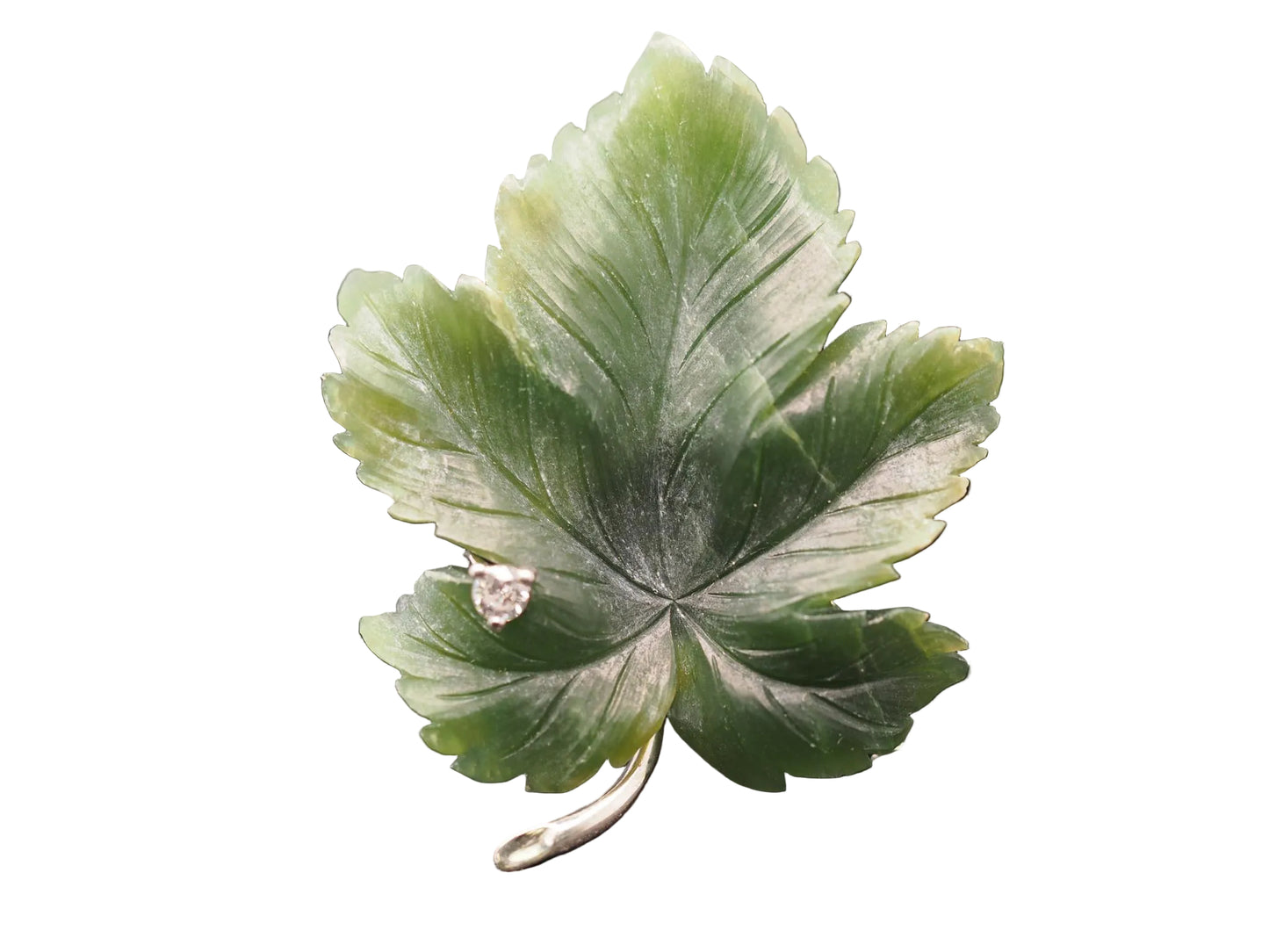 Estate 18K White Gold Jade Leaf Brooch with Diamond - VHK#524a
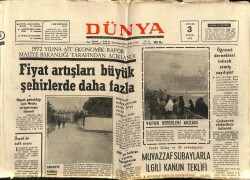 Dünya Gazetesi 3 Aralık 1972 - Fiyat Artışları Büyük Şehirlerde Daha Fazla GZ68087 - 2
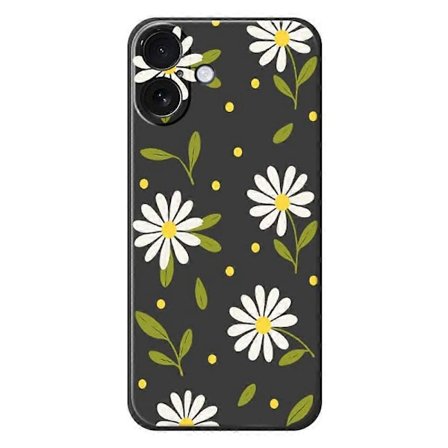 Skal till iPhone 17 Vit Blommor Gröna Blad Mönster Tryck Rak Kant TPU Telefon Baksida -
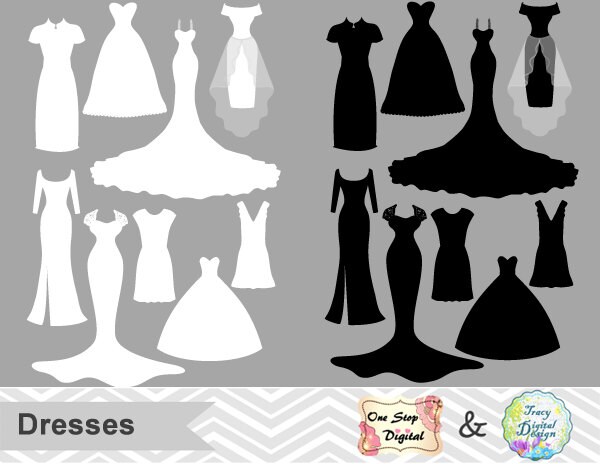 Digital Wedding Dress Clip Art Silhouette Clipart Digital Wedding Dress Clip Art Silhouette Clipart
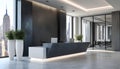 Modern office reception interior with sleek design and illuminated desk Royalty Free Stock Photo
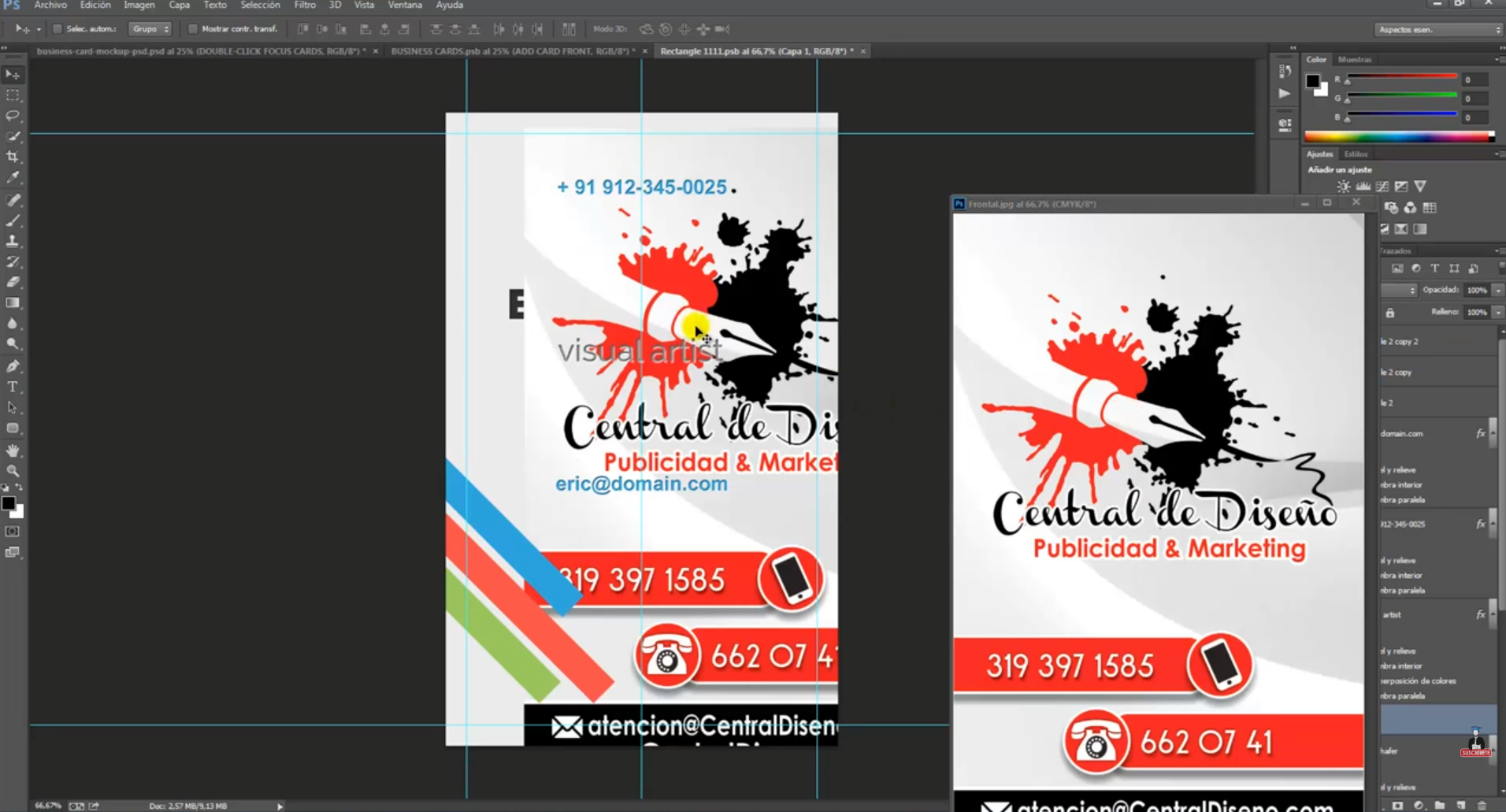 Un diseño de tarjeta de visita siendo arrastrado y ajustado dentro de la pestaña del objeto inteligente en Photoshop.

> ACTIVITY
An exact transcription of the listing is required, and it must contain no pictures.

> SOLUTION TO THIS PROBLEM
 Estate 18K White Gold Jade Leaf Brooch with Diamond - VHK#524a
 Dünya Gazetesi 3 Aralık 1972 - Fiyat Artışları Büyük Şehirlerde Daha Fazla GZ68087 - 2
 Skal till iPhone 17 Vit Blommor Gröna Blad Mönster Tryck Rak Kant TPU Telefon Baksida -
 Digital Wedding Dress Clip Art Silhouette Clipart Digital Wedding Dress Clip Art Silhouette Clipart
 Modern office reception interior with sleek design and illuminated desk Royalty Free Stock Photo
 Un diseño de tarjeta de visita siendo arrastrado y ajustado dentro de la pestaña del objeto inteligente en Photoshop.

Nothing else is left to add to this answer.